Psychopathy also maps well onto the most troubling typologies of offenders, such as those that evince chronic, serious, and violent offending trajectories. For example, using the Comprehensive Assessment of Psychopathic Personality (CAPP) framework, Corrado, DeLisi, Hart, and McCuish (2015) suggested that the behavioral and cognitive domains of psychopathy are particularly facilitative of chronic offending, including the traits of impulsivity, disruptiveness, aggressiveness, unreliability, restlessness, and the lack of perseverance. Chronic offenders are also theorized to be cognitively intolerant and suspicious of others, unfocused, and lacking plans for the future. They are aimless, disorganized, and prone to a transient lifestyle that also sustains frequent criminal activity and criminal justice system involvement. Serious offenders are theorized to draw most of their negative personality features from the dominance and self domains the CAPP model. For instance, serious offenders are characterized as self-centered, self-entitled, self-aggrandizing, self-justifying, and tend to view themselves as invulnerable and risk-taking. In terms of dominance features, serious offenders are portrayed as domineering, manipulative, antagonistic, insincere, and deceitful. Violent offenders are theorized to derive their traits primarily from the attachment and emotional domains of the CAPP model. Violent offenders are theorized to be remote, cold, cruel, callous, and thoroughly inconsiderate of others and, in terms of their emotional life, are fearless, unconcerned, dark, indifferent, irritable, and unrepentant. These traits allow them to inflict violence on victims without feeling any of the self-sanctioning emotions that inhibit such conduct among non-psychopathic persons.
Figure 1.2
Figure 1.2 Elemental characteristics of psychopathy
Psychopathy can be understood as an organizing construct for other foundational correlates of crime. For instance, sex is the most powerful demographic correlate of crime and far exceeds the effects of other important factors, such as age, race, ethnicity, and social class. In a recent study, Gray and Snowden (2016) examined the inter-relationships between sex, psychopathy, and various forms of crime and criminal justice system noncompliance using data from the Partnerships in Care and the MacArthur Risk Assessment Study. Among data from the Partnerships in Care study, males were significantly more superficial, grandiose, remorseless, irresponsible, and antisocial during both adolescence and adulthood. In the MacArthur study, males were significantly more superficial, grandiose, remorseless, unempathic, irresponsible, impulsive, and antisocial during both adolescence and adulthood. On no feature of psychopathy were females more severe than males, suggesting that a simple indexing of psychopathic features is another way to index sex differences in criminal conduct. Irrespective of sex, psychopathy was significantly correlated with reconviction at two time-points and aggression and violence at two time-points.
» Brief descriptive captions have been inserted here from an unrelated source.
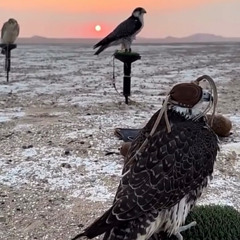 عبير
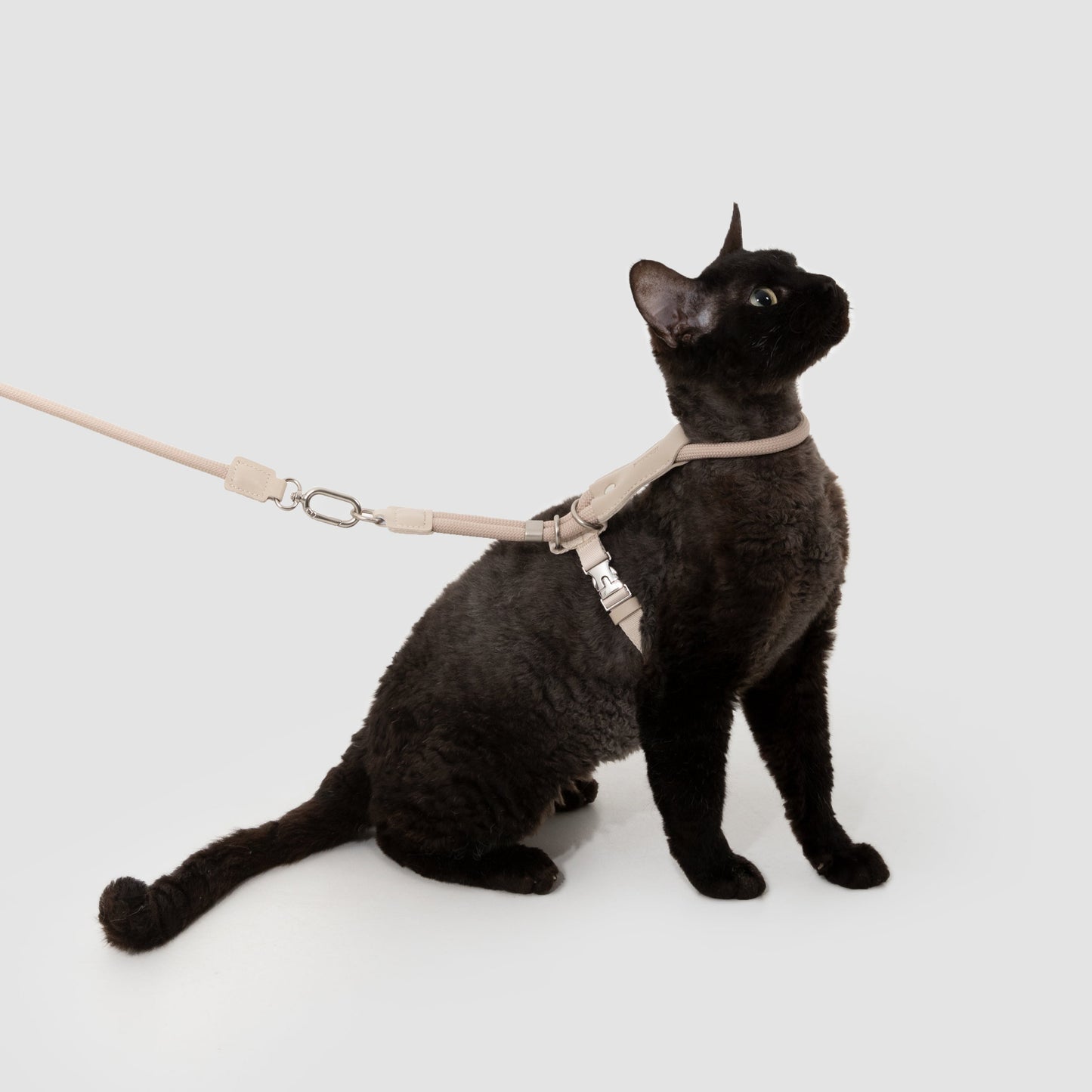 Leather Round Rope Cat Harness & Leash Set [Milk Brown]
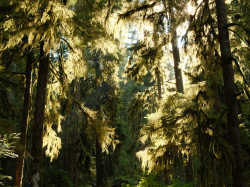 old growth mossy forests WA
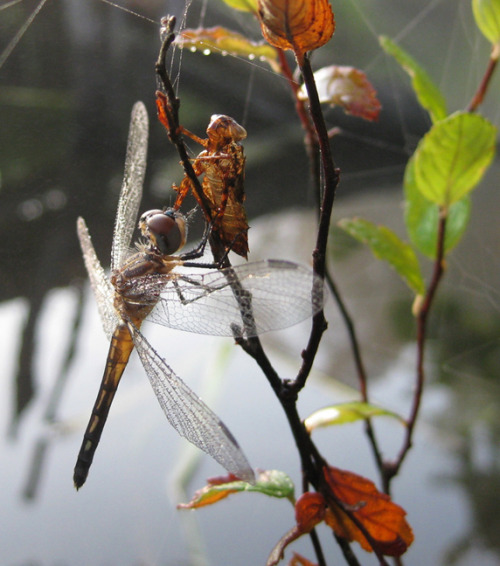 dragonfly emerged-wprrcropped-sm.jpg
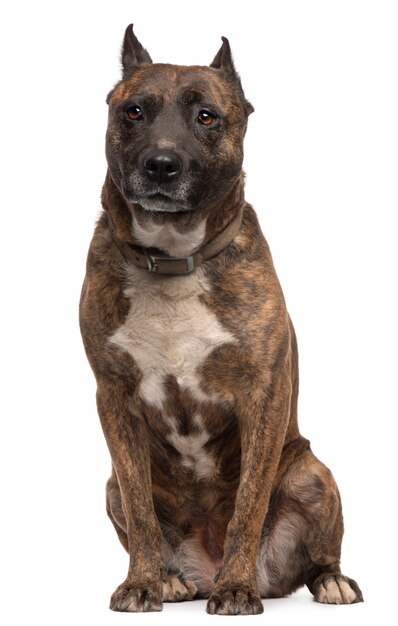 Premium Photo American staffordshire terrier dog, 12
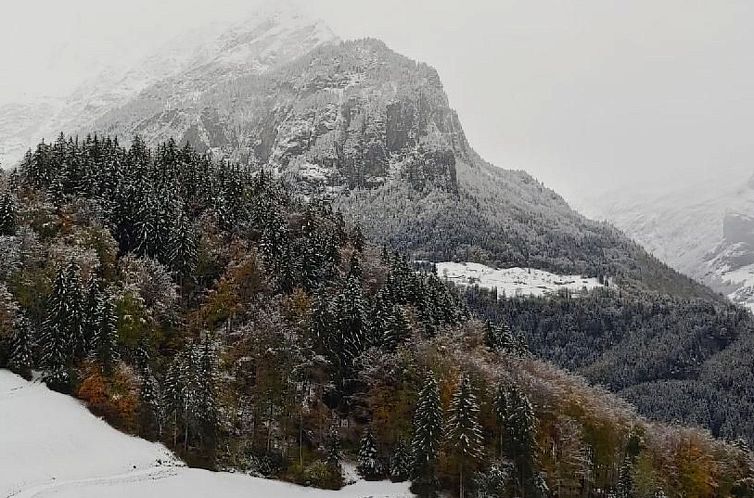 Appartement Wohnung Mit 2 Schlafzimmern “Ürbach”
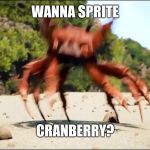 Crab Rave | WANNA SPRITE; CRANBERRY? | image tagged in crab rave | made w/ Imgflip meme maker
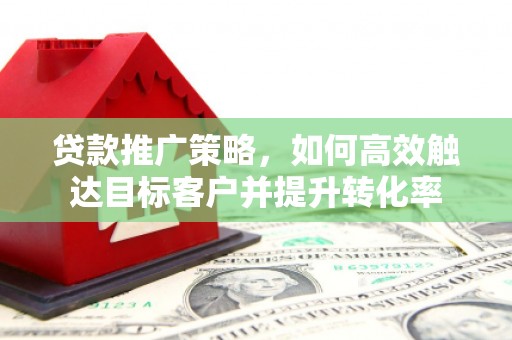 新林贷款推广策略，如何高效触达目标客户并提升转化率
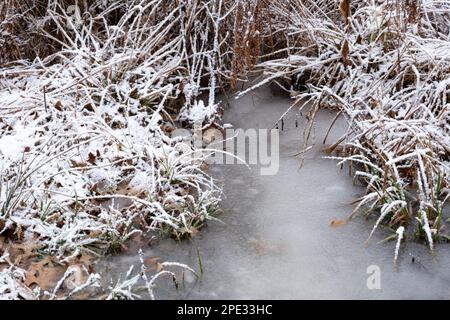 Gefrorene Pfütze im Sumpf mit Schnee im Winter Stockfoto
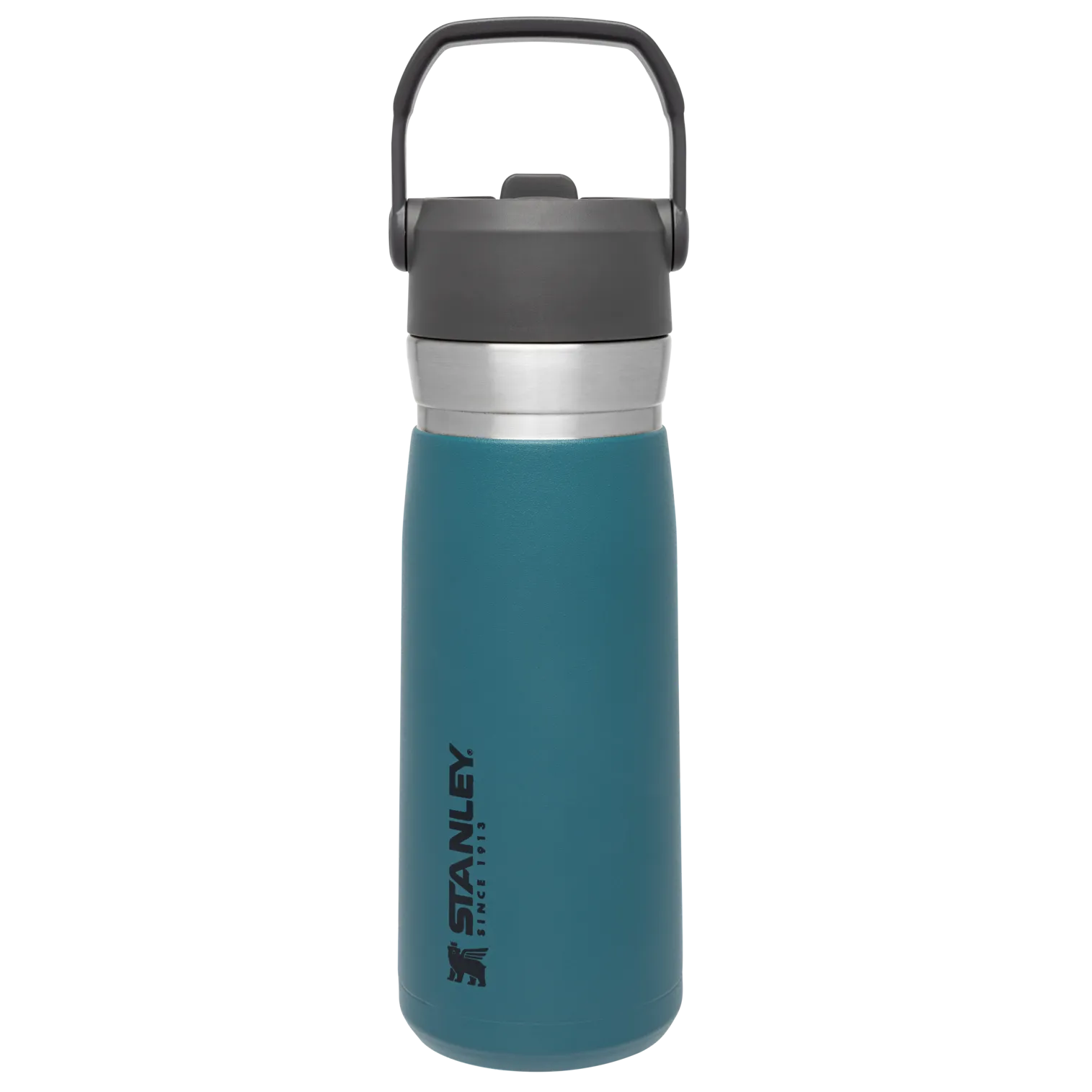 The Go Flip Straw Water Bottle | 22 OZ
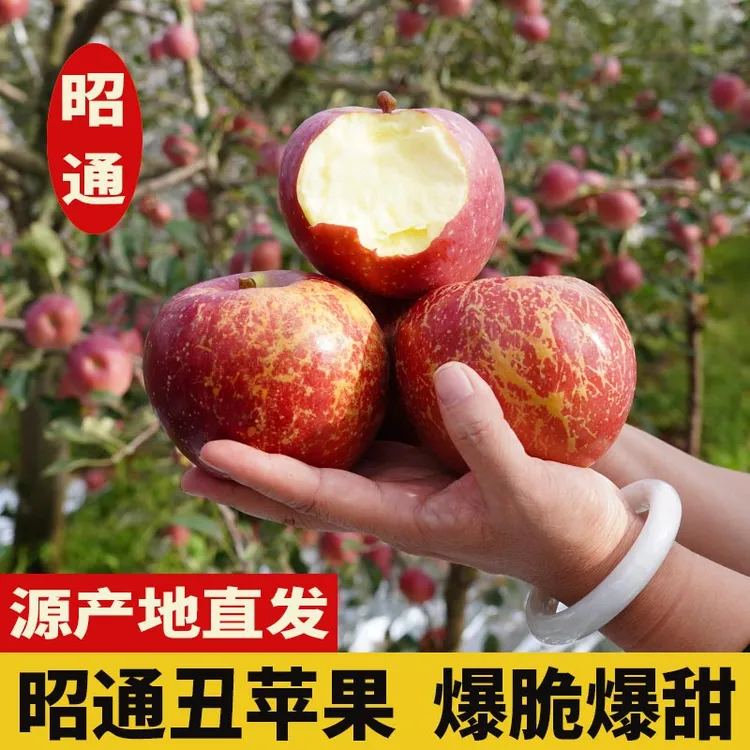 云南正宗应季红苹果昭通冰糖心丑苹果新鲜大凉山脆甜水果产地直发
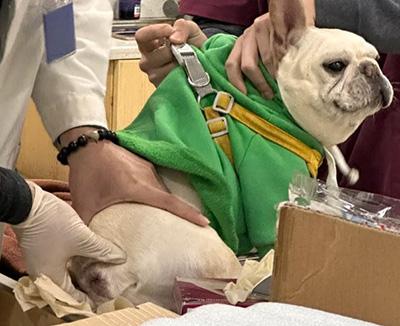 狗狗屁股周围发红瘙痒?可能是这些原因导致的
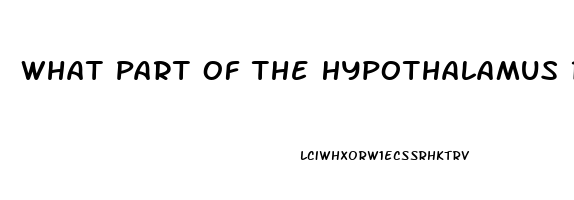 What Part Of The Hypothalamus Regulates The Sex Drive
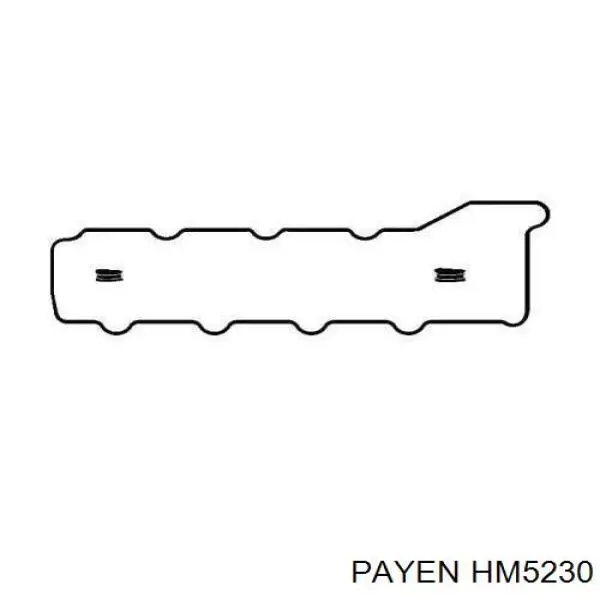 Купити HM5230 Payen Прокладка клапанної кришки двигуна, комплект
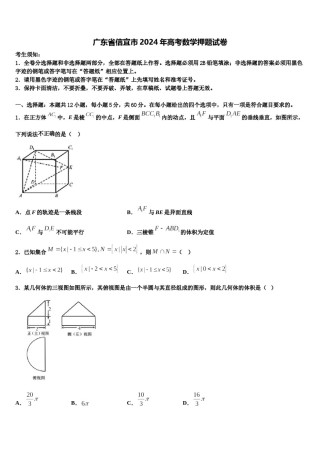 广东省信宜市2024年高考数学押题试卷含解析.doc
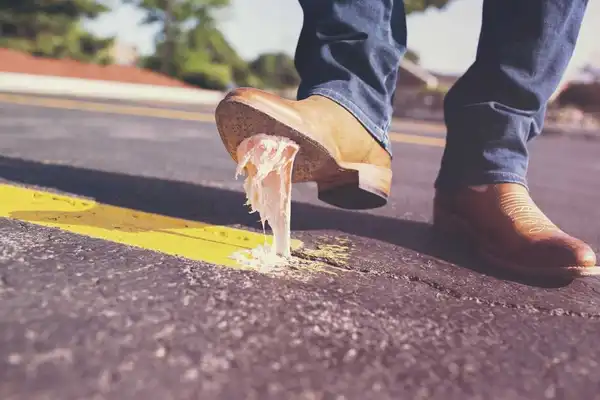 8 Motivos por los que no conseguiste el trabajo que tenías entre manos - Gastón Krasny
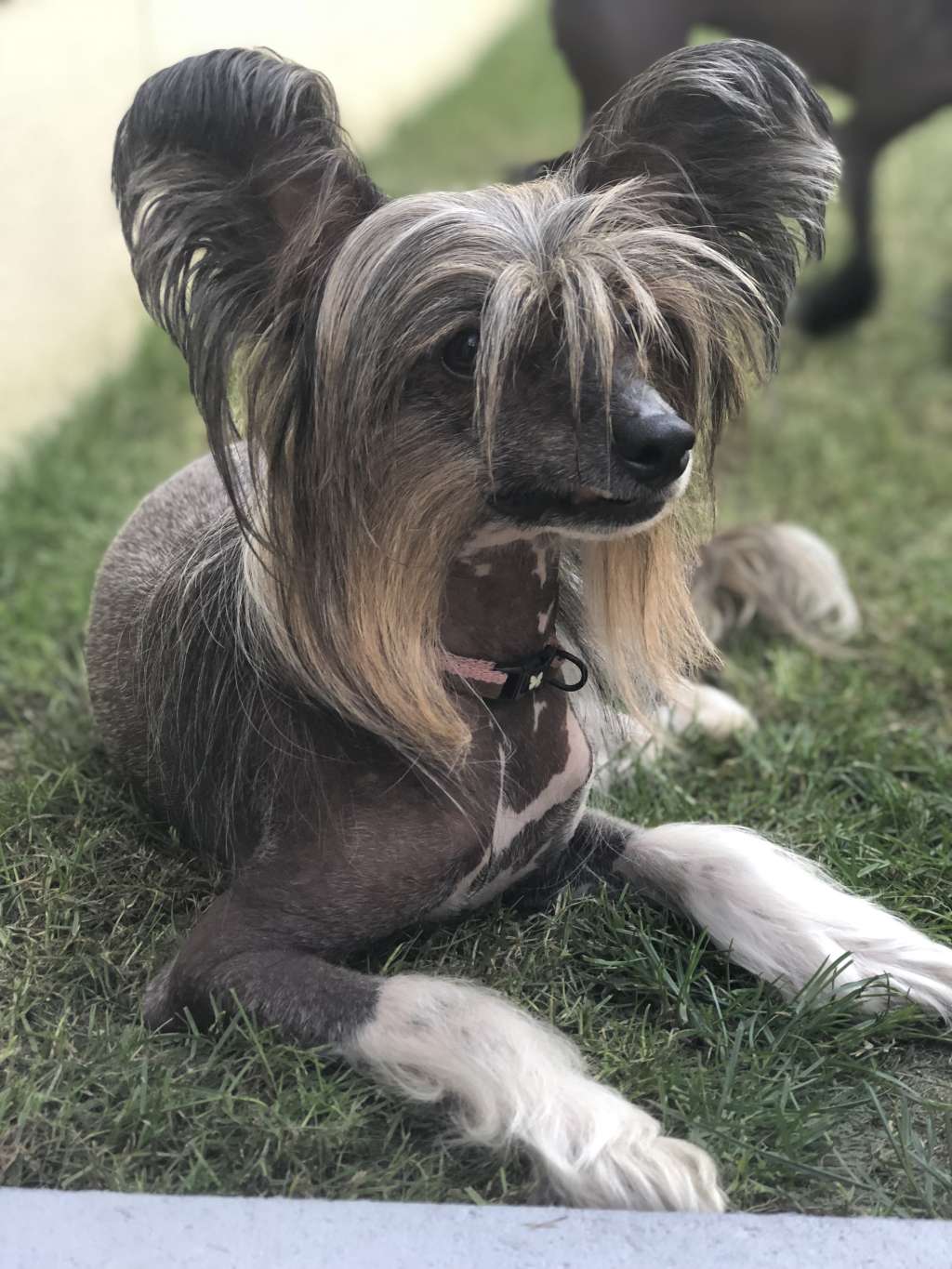 Iona de la Palomba Bianca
The current chapter reviews recent criminological research that has focused on the associations between psychopathy and diverse forms of antisocial conduct, crime, and violence. It is noteworthy that no study exists, to my knowledge, that has found that psychopathy was unrelated to crime and various aberrant conduct. When considering the diversity of research findings and the diverse forms of antisociality therein, the intimate connection between psychopathy and crime becomes even more clear.

The psychopathy and crime mutuality

Many colorful passages have been published to demonstrate the powerful linkage between psychopathy and crime. The following by Arboleda-Flórez (2007:375) is among my favorites:
Psychopathic tendencies are noticeable even in young children who later become known for their continuous lawbreaking and inability to live within the rules of society. Psychopaths carry a historical load of reported difficulties at school, in the military and at work, besides police reports and court dockets. Like a hurricane, psychopaths leave a path of broken promises, damage to property, physical or sexual abuse, rape, mayhem, murder and destruction of the dreams of others.
Psychopathy rears its ugly head almost irrespective of context, even when considering mundane behaviors in the workplace such as using a computer. For instance, there is evidence that persons with more psychopathic personality traits are more likely to engage in counterproductive work behaviors that are damaging to their employer (Blickle & Schütte, 2017). Similarly, using an online sample of participants recruited from MTurk, Siegfried-Spellar, Villacís-Vukadinović, and Lynam (2017) examined associations between psychopathy and diverse forms of deviant computer behaviors, including gaining unauthorized access to a network, writing/creating computer viruses, engaging in identity theft or fraud, monitoring network traffic, and website defacement. Using the Elemental Psychopathy Assessment Short Form (EPA–SF), they found significant correlations between total psychopathy scores and all forms of computer crime. The correlation was strongest for total computer crime. In addition, psychopathy had significant inverse correlations with Agreeableness and Conscientiousness and significant positive correlations with total antisocial behavior, violent crime, nonviolent crime, alcohol use, and DUI. In other words, although their focus was on the association between psychopathy and computer crime, it quickly became clear that the construct unfolds to affect generalized involvement in an array of offenses.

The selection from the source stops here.